Therefore, the static switch circuit 4 of the invention comprises a first switch unit 40 including two switch sets 41 connected in parallel. Each of the switch sets 41 has two controllable semiconductor switch elements 411 connected in parallel reversely. The first switch unit 40 includes one end connected to a bypass power source 3 and another end connected to a load end 5. The first switch unit 40 is used to switch the bypass power source 3 to supply the load end 5, and installing two of the switch set 41 can avoid switching failure of the bypass power source 3 that might happen to a single set static transfer switch. The static switch circuit 4 further includes a second switch unit 42 which includes at least two serial-connected switch sets 41 to connect in series with a fuse 421. Each of the two switch sets 41 has two controllable semiconductor switch elements 411 connected in parallel reversely. The second switch unit 42 includes one end connected to an output end the UPS system main unit 2 and another end connected to the load end 5. The second switch unit 42 aims to isolate the circuit of the UPS system main unit 2.

In the first embodiment, in order to quickly and smoothly switch to the bypass power source 3 in the event of malfunction, the controllable semiconductor switch elements such as silicon controller rectifier (SCR) are employed. However, for the UPS system main unit 2 which does not require the cut-off speed as fast as the switching speed, a second embodiment shown in FIG. 3 can be adopted, in which the second switch unit 42 is at least two serial-connected electromagnetic switches 422 connected with a fuse 421 in series. Such a structure can fix the malfunction, and also reduce cost of total circuit. Moreover, the electromagnetic switches 422 have characteristics of lower voltage drop, hence can further enhance UPS system operation efficiency.
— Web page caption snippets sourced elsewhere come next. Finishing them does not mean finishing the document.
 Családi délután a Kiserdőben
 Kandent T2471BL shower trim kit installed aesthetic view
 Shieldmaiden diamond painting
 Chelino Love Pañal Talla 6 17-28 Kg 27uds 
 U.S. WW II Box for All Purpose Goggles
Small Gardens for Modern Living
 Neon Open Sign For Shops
Please refer to FIG. 4 for a third embodiment of the invention. It is a dual-machine (or multi-machine) on-line UPS system. Its operation is substantially the same as the previous embodiments, hence only its structure is discussed as follows:

The third embodiment includes two UPS system main units 2, a bypass power source 3 and a static transfer switch circuit 4. The UPS system main units 2 share the bypass power source 3. The static transfer switch circuit 4 has two sets of second switch units 42 corresponding to the two sets of UPS system main units 2, and the lower cost electromagnetic switches 422 are being used.

In addition, the on-line UPS system main unit 2 supplies power in regular conditions. In the event that malfunction occurs, the measures of fixing the problems mentioned in the first and second embodiments also are taken. During switching the power supply back from the bypass power source 3 to the UPS system main unit 2, to avoid failure caused by malfunction of the serial-connected electromagnetic switches 422, a fourth embodiment of the static transfer switch circuit as shown in FIGS. 5 and 6 can be adopted. It further includes at least one Normally Open electromagnetic switch 423 connected in parallel with the second switch unit 42. In the event that one of the electromagnetic switches 422 malfunctions and cannot be turn on, the electromagnetic switch 423 can be turn on to restore normal power supply of the UPS system main unit 2.
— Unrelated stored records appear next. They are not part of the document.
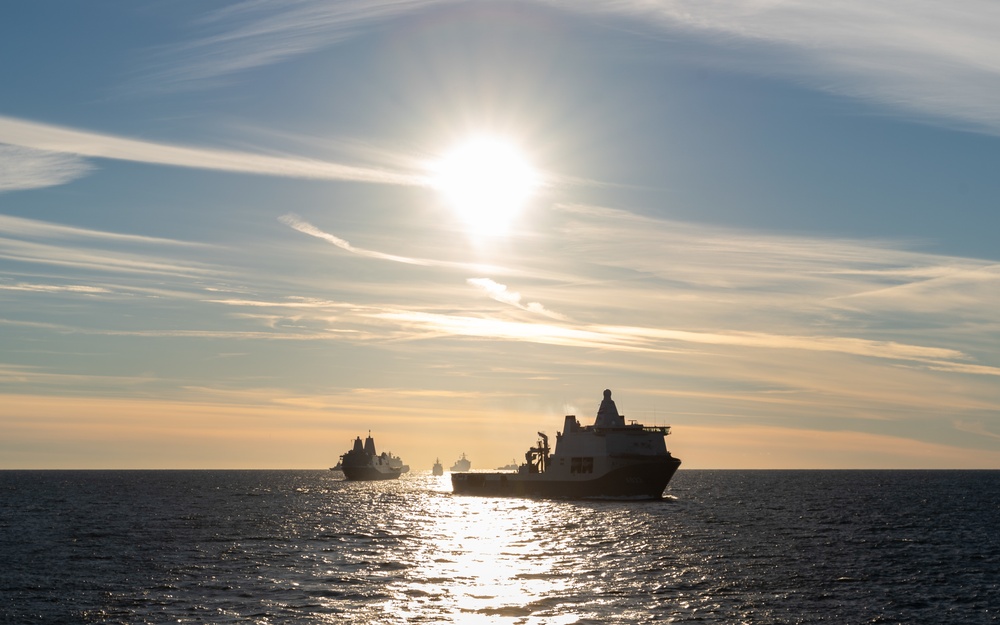 Kearsarge Conducts Operations in the Baltic Sea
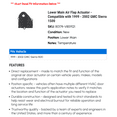 thumbnail image 2 of Lower Main Air Flap Actuator - Compatible with 1999 - 2002 GMC Sierra 1500 2000 2001, 2 of 2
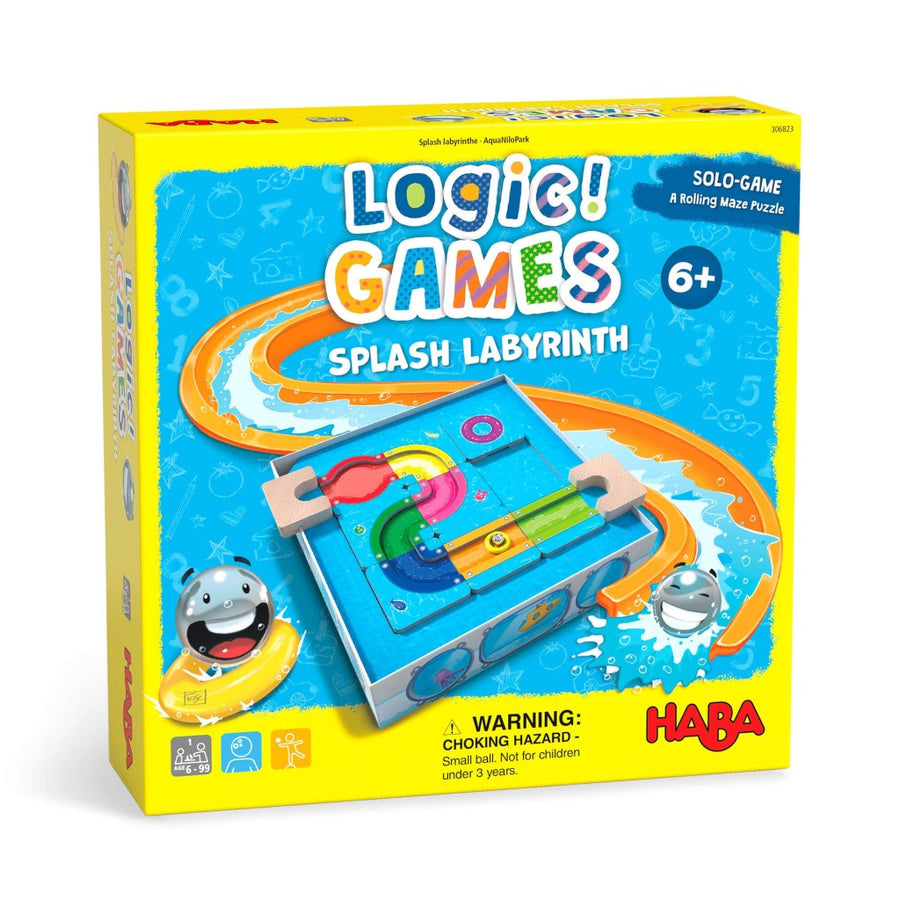Logic! GAMES: Splash Labryinth
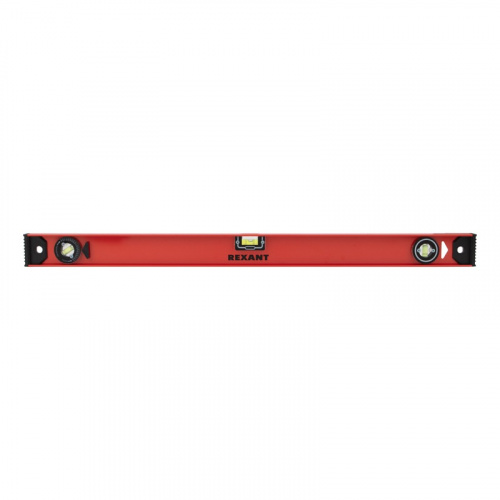 картинка Уровень алюминиевый Рельс,  800мм,  3 глазка (1 поворотный) REXANT от магазина Сантехстрой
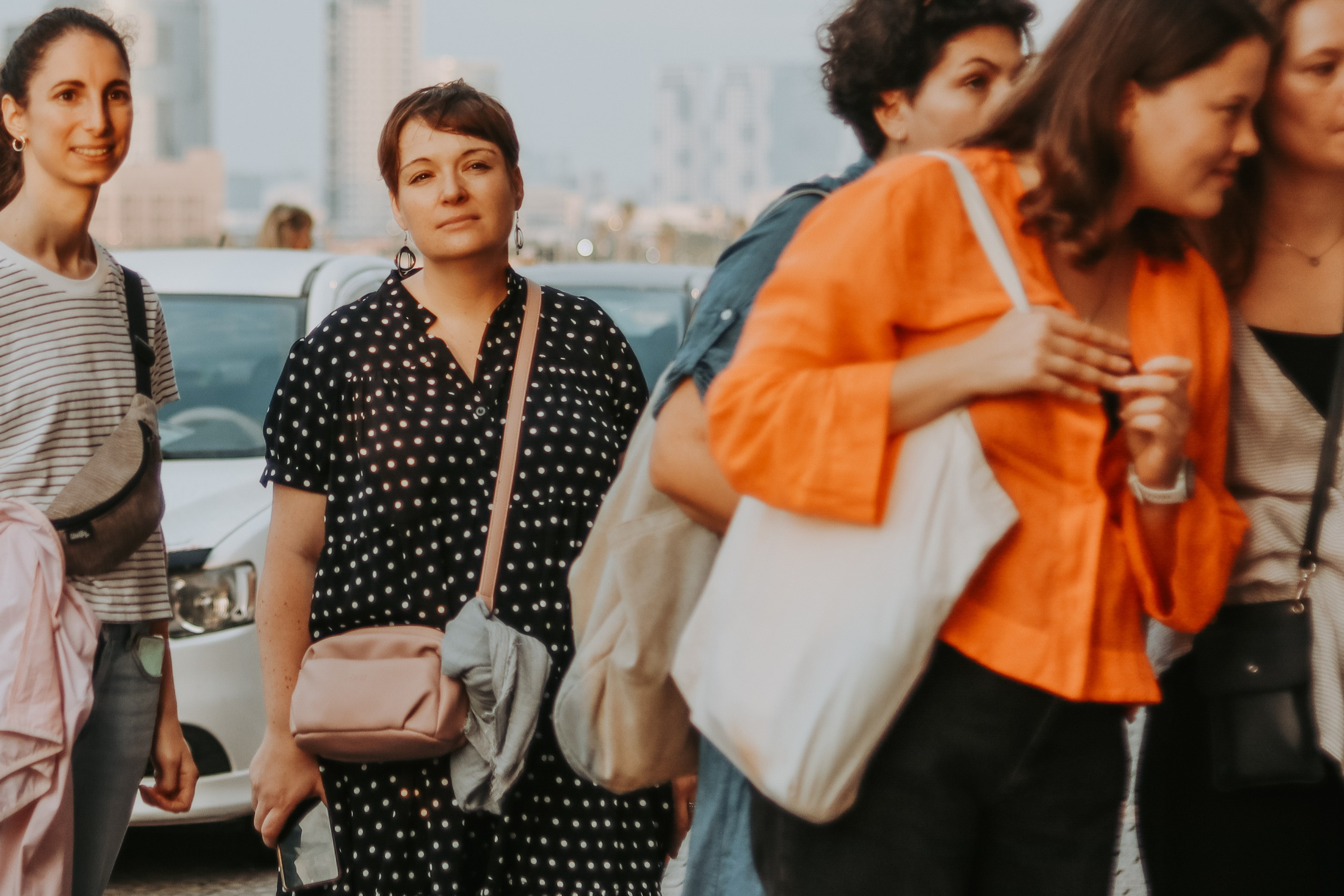 Charity walk in Jaffa, Tel Aviv 2023. Photographer in Israel Alice Milchin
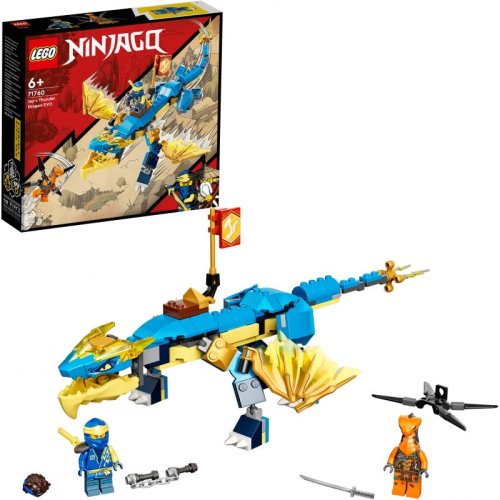 Lego Ninjago Конструктор "Грозовой дракон Эво Джея"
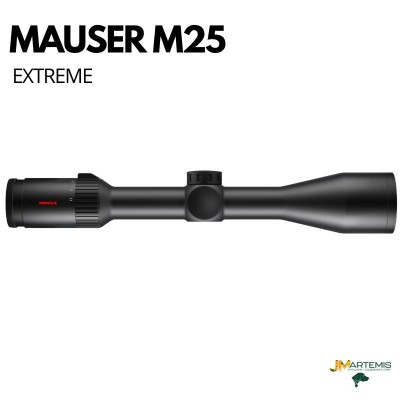 Nouvelle Carabine linéaire MAUSER M25 EXTREME AVEC LUNETTE MINOX RS4 2.5-10x50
Similarly, to avoid abnormal shutdown (open circuit) of the first switch unit 40 to cause damage of the UPS system main unit 2 resulted from prolonged parallel connection of the bypass power source 3 and UPS main unit 2, the first switch unit 40 and load end 5 can be bridged in series at least one Normally Closed electromagnetic switch 412. In the event that one of the switch sets 41 malfunctions and cannot be fully cut off, the electromagnetic switch 412 can be shut down immediately to turn off power supply from the bypass power source 3 to the load end 5, thereby maintain power supply safety of the UPS system main unit 2.

Refer to FIG. 7 for a fifth embodiment of the invention. It substantially implements the fourth embodiment onto the existing single-machine UPS system shown in FIG. 1. The second switch unit 42 has one end connected to the output end of an existing UPS system B through a first isolation transformer TR1 and another end connected to the load end 5.
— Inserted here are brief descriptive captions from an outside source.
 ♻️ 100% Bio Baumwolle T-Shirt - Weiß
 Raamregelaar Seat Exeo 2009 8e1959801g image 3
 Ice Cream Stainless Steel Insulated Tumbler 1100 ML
The first switch unit 40 has respectively one end connected to the bypass power source 3 through a second isolation transformer TR2 and another end connected to the load end 5 to connect in parallel with the existing UPS system B. In addition, a plurality of manual switches 71 can be installed at different circuits to be used in repair and maintenance.

In the event that the UPS system B malfunctions or switch failure occurs to the static transfer switch 651 or 652 of the power supply switch device 65 and results in power outage at the output end of the existing UPS system B, an extra static transfer switch circuit 4 can be added and connected in parallel externally without changing the existing power supply switch device 65 to enhance the reliability of power supply of the existing UPS system.

The invention further provides a sixth embodiment which is an improvement of the UPS system B discussed previously in the fifth embodiment. Please referring to FIG. 8, the output end of an existing multi-machine and parallel UPS system C is connected to a static transfer switch circuit 4. The UPS system main unit C 1 is connected in parallel with multiple sets of other main units C2 and C3 that have the same structure as the main unit C1 (this embodiment can also be implemented without the first isolation transformer TR1 and second isolation transformer TR2). Through the static switch transfer circuit 4, power outage at the output end caused by any malfunction happened to the existing multi-machine parallel UPS system C can be avoided, thereby the power supply reliability of the existing UPS system can be enhance .

As a conclusion, the static transfer switch circuit of the invention can improve reliability of the static transfer switches of the UPS system through the first switch units and the second switch unit that are compose of controllable semiconductor switch elements or electromagnetic switches. The static transfer switch circuit thus formed also can be adapted to the existing UPS system to enhance the reliability thereof.

Claims

1. A static transfer switch circuit for high reliability uninterruptible power supply systems, comprising: a first switch unit including at least two switch sets connected in parallel, and one end connected to a bypass power source and another end connected to a load end, each of the switch sets including two controllable semiconductor switch elements connected in parallel reversely; andat least one second switch unit including at least two of the switch sets connected in series, and one end connected to an output end of an uninterruptible power supply system main unit and another end connected to the load end, each of the switch sets including two controllable semiconductor switch elements connected in parallel reversely.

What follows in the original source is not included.